The Clinton Formation
In the following section of Olof Nylander’s writings, he discusses the Clinton Formation, (otherwise known as the Clinton Group), a large section of sedimentary rock that reaches through the Eastern United States.
The Clinton formation is largely shale, but also contains sandstone and other rock types. Olof Nylander’s observations of the area are very detailed, and explain the importance of this unique area to the local economy at the time, as well as to environmental diversity.
“The dark shaley rocks are outcropping in the ditches and as we approach the Woodland–New Sweden line the Manganiferous iron bearing layers are exposed. In a southwest direction this red haematite ore runs through Woodland and Perham and in a northeast direction is exposed on the hillsides in New Sweden at W.W. Thomas’ park, across Noah’s hill and the hills on the Madawaska Road about one-half mile northwest of the B. & A. R.R. Station at new Sweden.

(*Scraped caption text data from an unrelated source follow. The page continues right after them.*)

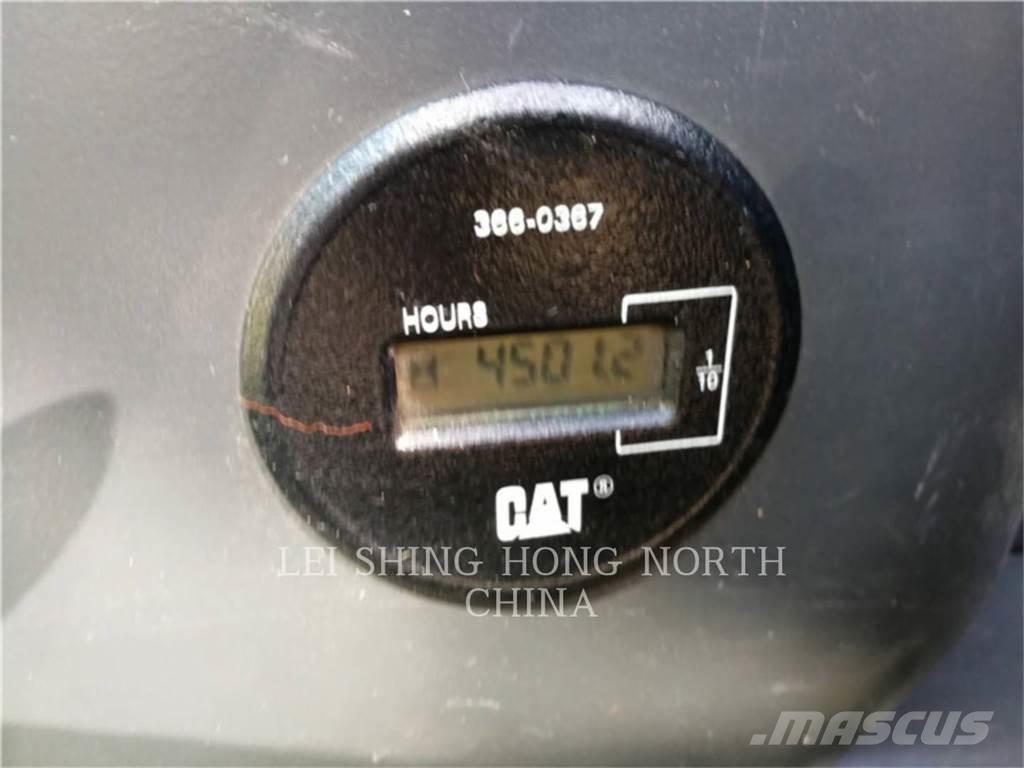 CAT 323D2L Escavadoras de rastos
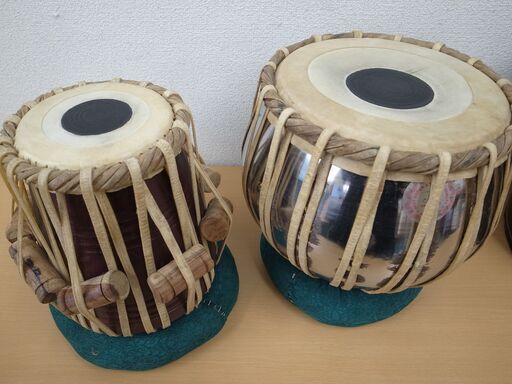 TABLA タブラ ( タブラ― バーヤ ) ケース付き 太鼓 インド 民族 楽器　モノ市場半田店 119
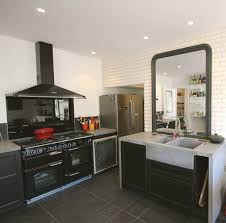 Je veux voir les meilleurs types d'evier qui durent et à bas prix ici evier cuisine en beton. La Cuisine Beton Plan De Travail Suprabeton Atelier Balian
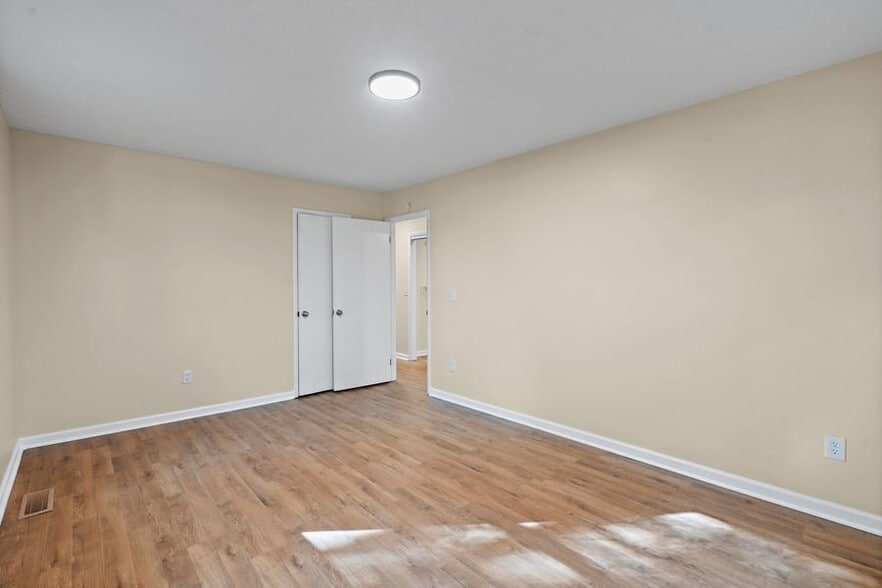 Building Photo - 1539 White Rd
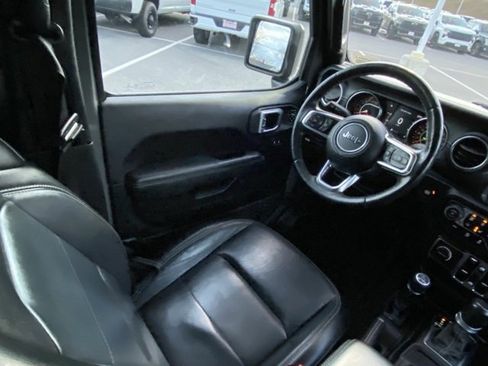 Used 2020 Jeep Gladiator Overland image 25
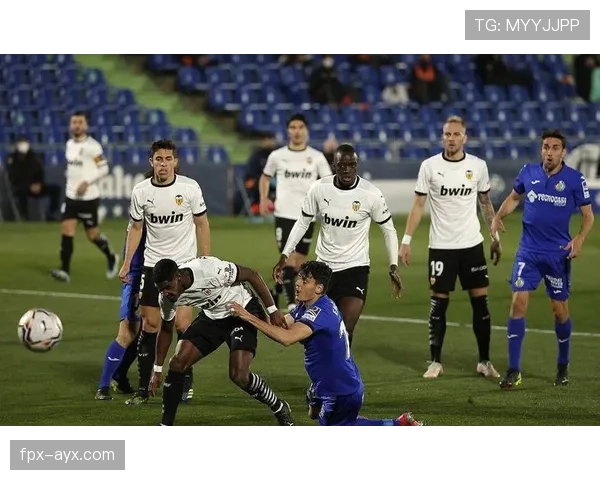 穆萨闪耀瓦伦西亚助球队重返胜轨，状态回暖引关注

“The iron bearing shales and slates are varied in color, red, steelblue, green and gray, and extend for about one mile in width. Immediately on the west of this iron bearing rock are schistose and more or less calcareous rocks; these extend north to the Beardsley Brook Valley and about three miles to the west. This strip including the iron bearing shale is about four miles wide and extends in a southwest direction through New Sweden, Woodland and Perham. There are many fine farms on this rock formation and it is the best section in Aroostook for apple orchards.
“Twenty-five to thirty years ago many apple orchards were planted and the trees borne abundance have large and very bright colored apples. The apple orchards have never been given much care and many have been entirely destroyed to give room for the larger potato fields. A number of the farmers in New Sweden have given their apple trees some attention and they have a ready sale to buyers from Van Buren and Fort Kent.
“The topography has changed considerably. The country is more hilly on the Clinton formation than over the Aroostook limestone area and there seems to be more large swampy areas and more springs on the side hills then there is in New Sweden, a great lot of land in forests and the same in Perham. There seems to be a tendency not to clear every piece of forest as land there is not well drained nor does it have a good deep soil for planting potatoes. It is in the long run better left to produce forests for wood and lumber for local use.
“There is another peculiarity about this four-mile strip of land running southeast from the Beardsley Brook Valley through New Sweden, Woodland and Perham, that stands out by itself. Many of the forest trees attain rather large size for Aroostook and the native flora was richer than anywhere else in this State. Wild flowers grow larger and are brighter colored than anywhere else.
“For over eleven years I spent a good part of the summers collecting the various forest plants and sending them to one of the largest nursery concerns in New England. They received plants from collectors in all parts of the United States and they spent some time exploring this region in 1904 their observations and judgement are to be taken as most valuable. Their statement is that they were the largest and best they received. I could not find anywhere else in the north of Maine as large and fine plants as this area produced. The clearing of land and forest fires have now practically cleaned this section of the remarkable flora it contained.”